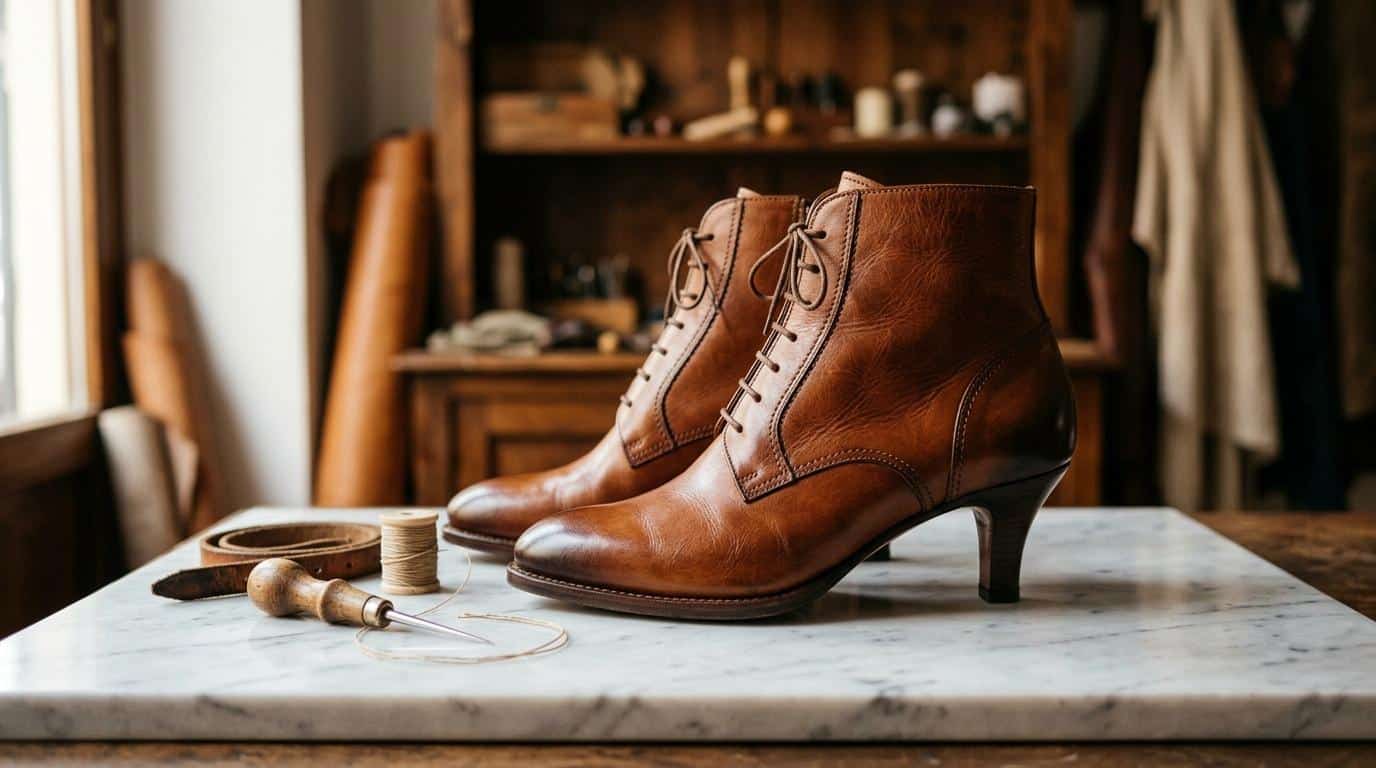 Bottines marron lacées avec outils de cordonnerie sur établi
==========
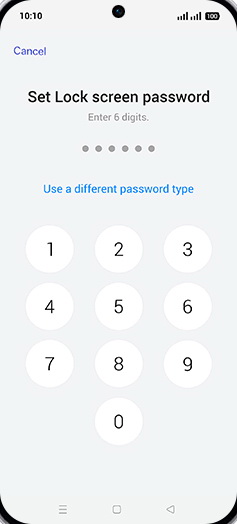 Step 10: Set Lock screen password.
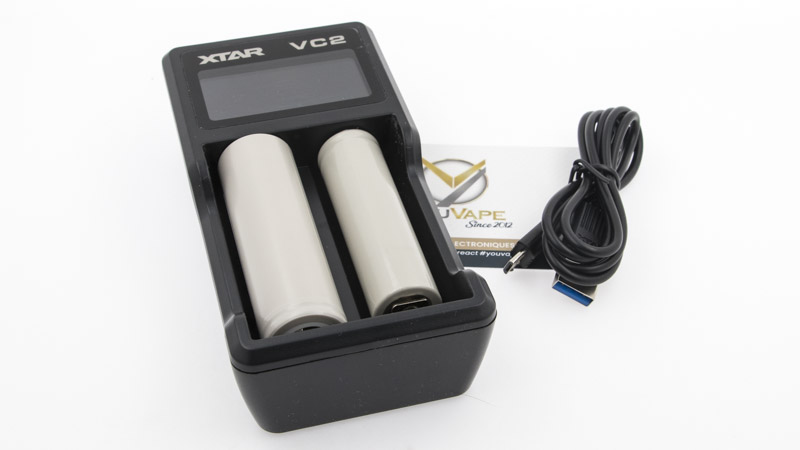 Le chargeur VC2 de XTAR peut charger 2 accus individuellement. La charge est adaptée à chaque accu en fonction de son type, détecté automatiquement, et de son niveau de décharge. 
==========
> _WHAT NEEDS TO BE DONE_: Drop the pictures; return the lines above from the line containing "Step 10: Set Lock screen password." to the line containing "Le chargeur VC2", both included, exactly.

> _SOLUTION TO THIS PROBLEM_:
 Step 10: Set Lock screen password.
 Le chargeur VC2 de XTAR peut charger 2 accus individuellement. La charge est adaptée à chaque accu en fonction de son type, détecté automatiquement, et de son niveau de décharge. 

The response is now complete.